October 28, 2021/by Jeffrey Ian Ross

In a perfect world you’ve done your due diligence, located an appropriate graduate mentor, (been accepted into a respectable program where they teach), and for the time being, your graduate school experience exceeds your expectations.

On the other hand, for one reason or another, after entering a graduate program, and getting the lay of the land, you discover much to your chagrin, that it’s incredibly difficult to find and retain an appropriate mentor.

This could be the result of a number of factors. These include, but are not limited to:

• No one in the department is really interested in the subject that you are passionate about;
• Over time your interests change and the question that you want to answer is not covered by anyone in your department;
• You have difficulties working with the person who is the recognized expert in your program;
• Or you are or may be perceived to be a pain in the ass, and all the professors seem to want to limit their interactions with you.

Alternatively, you may find yourself in a situation where your mentor:

• Goes on sabbatical and becomes incommunicado potentially because of the nature of their research (i.e., studying remote villagers in the Kalahari Desert).
• They have health issues that force them to cut back on graduate student supervision responsibilities;
• They go off the deep end (i.e., suffer a mental breakdown);
• They move to a different university, and are unwilling or unable to properly supervise you;
• Or in the worst case situation, they die.

Keep in mind that your situation is not uncommon, and each of these scenarios presents different challenges and have alternative implications for graduate students.

But sooner or later you are going to probably start asking yourself a bunch of questions:

• Should I switch topics or take a semester off?
• Do I remain in this department?
• Can I switch to a different department at the same University?
• Can I quit my current department and go somewhere else to pursue my graduate studies?
• Do I abandon my graduate studies?

These questions are not easily answered. Some of them questions and the decision/s you ultimately make will be bounded by how advanced you in your program. But here are some quick thoughts to consider. Before you talk to your departmental director of graduate studies, here are some options to consider.

1. Consider a marriage of convenience

If you have not completely burned your bridges in your department, then maybe by switching topics, or with some minimal tweaks to your original idea, you might be able to work with one or more of the professors in your program. Maybe what they specialize in is also interesting so it’s not so difficult a switch for you. After all its important as a scholar to have a handful of interests and not be a one trick pony.

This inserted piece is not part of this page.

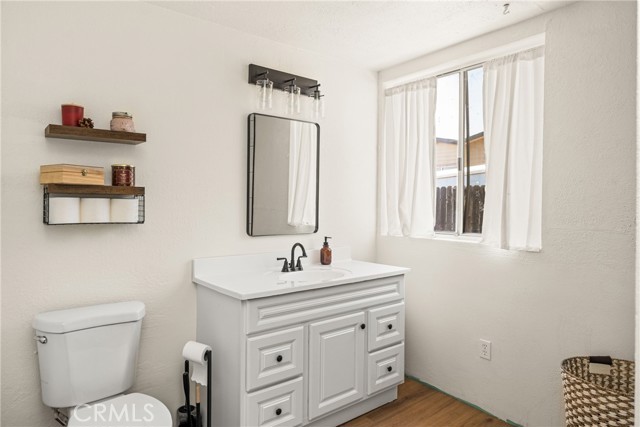 1014 7th Street, Norco CA: https://media.crmls.org/medias/9ee9191b-b751-4690-b726-dfd9317d5ed1.jpg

2. Stay at the same university but switching departments

Sometimes graduate students may be lucky enough to identify a potential mentor in a different department at the same university in which they are enrolled, and both the mentor and the department or program in which study is willing to accept this arrangement. In this scenario you will not lose any or many of the credit hours that you have already completed in order to graduate. Then again, there is no guarantee that some of the more challenging mentor-mentee issues won’t occur again with you.

3. Use proxies

Sometimes you can find an appropriate graduate school mentor in a different department at your university or another one, they can effectively supervise your studies, and serve as an external on your dissertation. In this unusual situation the chair of your dissertation serves as a kind of figure head but the substantive heavy lifting is done by the outside person. This option depends on the willingness of the new mentor and your current department, past practices, norms and policies in existence. Searching for the best external mentor will require you to use many of the same basic strategies regarding securing an appropriate mentor before entering your existing university. Just like dating, professors in other departments or at other universities may either empathize with you or see you as damaged goods, and may be appropriately reluctant to mentor or supervise students from another department or university. They want to know how come you can’t find somebody appropriate in your own department or university to provide adequate supervision. And you better be able to explain why you need to jump ship. This situation is not ideal, but it is workable.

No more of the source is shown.